The smokestacks of abandoned factories will mark the skyline like tombstones of a dying middle class
Perhaps it was just an open date on his calendar that led President Barack Obama to pump for the Trans-Pacific Partnership, a controversial trade deal, on the 70th anniversary of V-E Day. The president didn't mention the coincidence in his speech Friday at Nike's corporate headquarters in Oregon. But it inspired me to pay a sentimental visit to Western Electric Co.'s old clock tower in Cicero.
It offers visual witness to America as it was when Nazi Germany surrendered on May 8, 1945, and to where our country is presently headed. The clock tower stands in the middle of the Hawthorne Works shopping center, flanked by a big-box store and fast-food restaurants the kind that offer minimum-wage jobs. But during World War II, it was part of a sprawling industrial plant devoted to the war effort. It built the radar sets that enabled GIs to spot the enemy. Afterward it reverted to producing telephone equipment, paying decent wages that enabled workers to buy the tidy bungalows for which Cicero is famed.
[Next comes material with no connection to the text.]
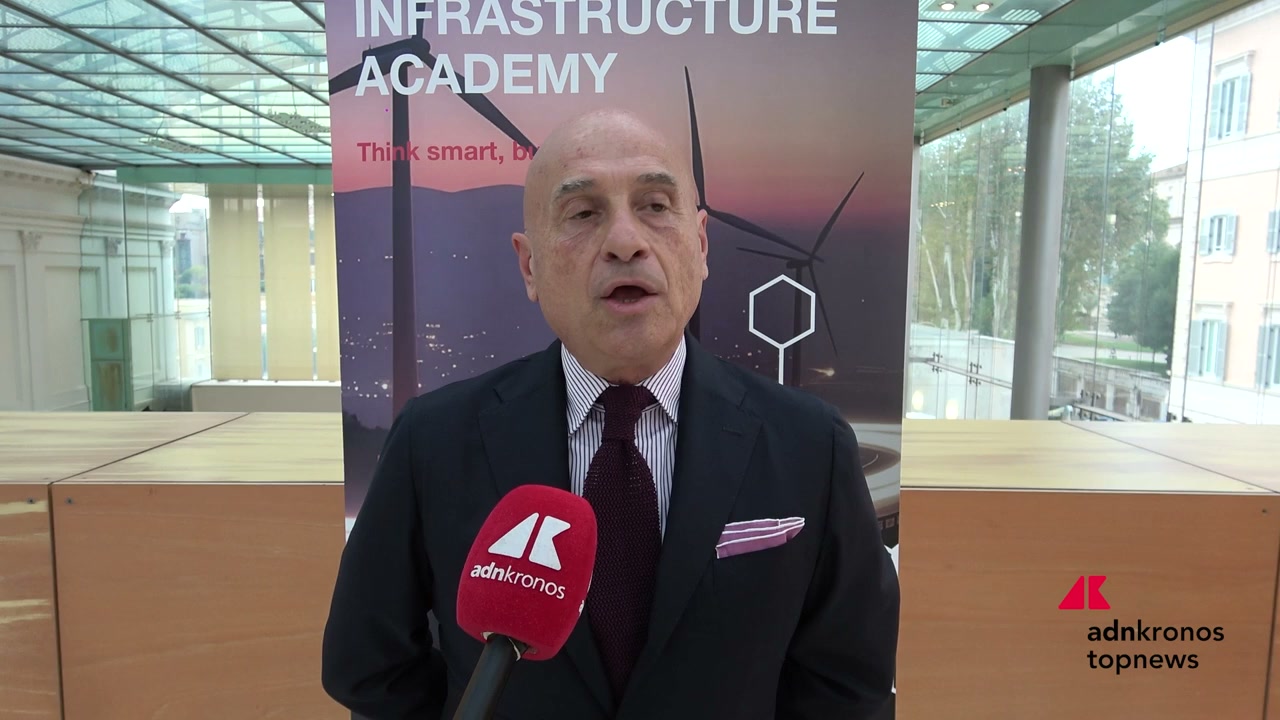 Infrastrutture, il futuro oltre il PNRR: a Roma la V edizione dell ...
It is long gone, as are other Chicago-area factories that provided the arms that defeated Germany and Japan and built the American middle class. Bemoaning their loss, Obama argues, won't solve our economic problems. In his speech at Nike, the president took note of critics who claim that trade deals have given an edge to foreign manufacturers, costing American jobs.
According to Obama, opposition to or support for pacts like the Trans-Pacific Partnership comes down to "a question of the past versus the future." Granting the president's point that the dubious are living in the past, consider what that past was like.